Start of Provided data

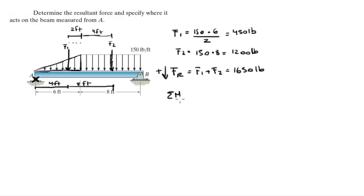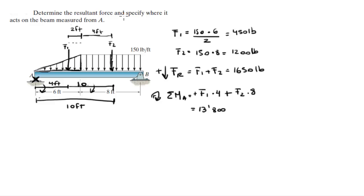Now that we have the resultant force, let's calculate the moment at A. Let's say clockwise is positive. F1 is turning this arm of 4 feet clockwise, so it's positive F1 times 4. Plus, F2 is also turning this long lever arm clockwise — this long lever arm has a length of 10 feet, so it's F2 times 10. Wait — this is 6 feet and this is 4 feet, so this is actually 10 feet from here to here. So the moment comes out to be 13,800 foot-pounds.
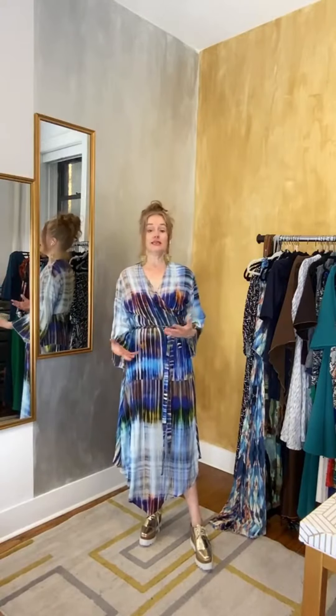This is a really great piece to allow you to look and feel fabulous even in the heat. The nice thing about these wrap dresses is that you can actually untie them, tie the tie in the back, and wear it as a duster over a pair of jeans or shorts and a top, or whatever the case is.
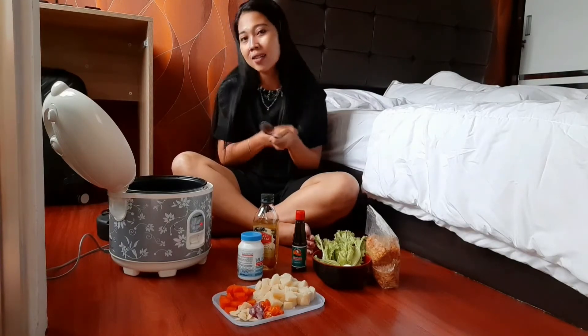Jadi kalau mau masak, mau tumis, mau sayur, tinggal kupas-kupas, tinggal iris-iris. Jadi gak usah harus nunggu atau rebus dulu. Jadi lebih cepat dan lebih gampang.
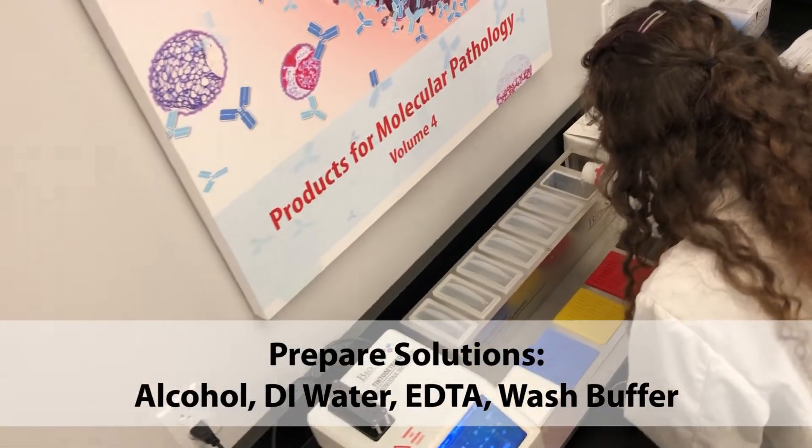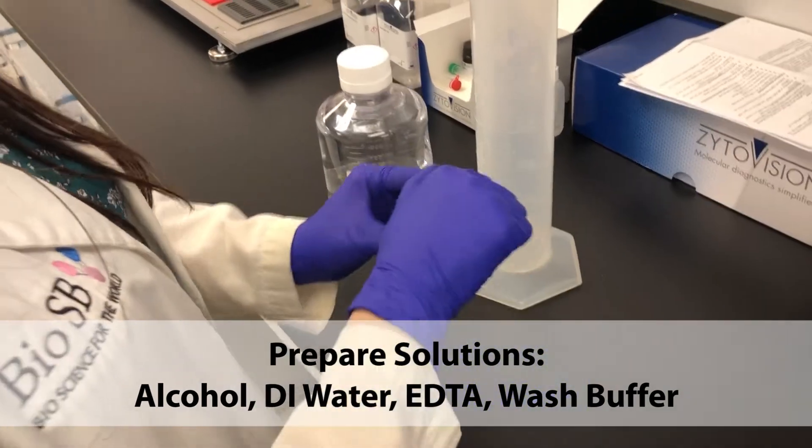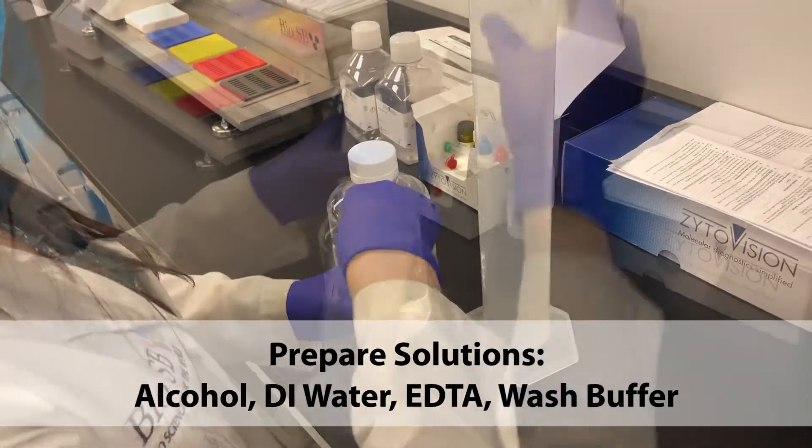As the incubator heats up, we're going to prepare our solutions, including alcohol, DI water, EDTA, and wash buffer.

End of Provided data
Start of Provided data

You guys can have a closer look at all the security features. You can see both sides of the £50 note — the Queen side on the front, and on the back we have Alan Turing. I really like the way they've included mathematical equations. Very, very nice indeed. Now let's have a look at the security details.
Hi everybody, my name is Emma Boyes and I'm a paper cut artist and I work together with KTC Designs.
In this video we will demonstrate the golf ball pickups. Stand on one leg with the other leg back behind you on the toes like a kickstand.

End of Provided data

### What this task involves
Your reply is to be an exact repeat of the listing above from the line holding "Now that we" down to the line holding "As the incubator", ends included, pictures excluded.

### Expected answer
Now that we have the resultant force, let's calculate the moment at A. Let's say clockwise is positive. F1 is turning this arm of 4 feet clockwise, so it's positive F1 times 4. Plus, F2 is also turning this long lever arm clockwise — this long lever arm has a length of 10 feet, so it's F2 times 10. Wait — this is 6 feet and this is 4 feet, so this is actually 10 feet from here to here. So the moment comes out to be 13,800 foot-pounds.
This is a really great piece to allow you to look and feel fabulous even in the heat. The nice thing about these wrap dresses is that you can actually untie them, tie the tie in the back, and wear it as a duster over a pair of jeans or shorts and a top, or whatever the case is.
Jadi kalau mau masak, mau tumis, mau sayur, tinggal kupas-kupas, tinggal iris-iris. Jadi gak usah harus nunggu atau rebus dulu. Jadi lebih cepat dan lebih gampang.
As the incubator heats up, we're going to prepare our solutions, including alcohol, DI water, EDTA, and wash buffer.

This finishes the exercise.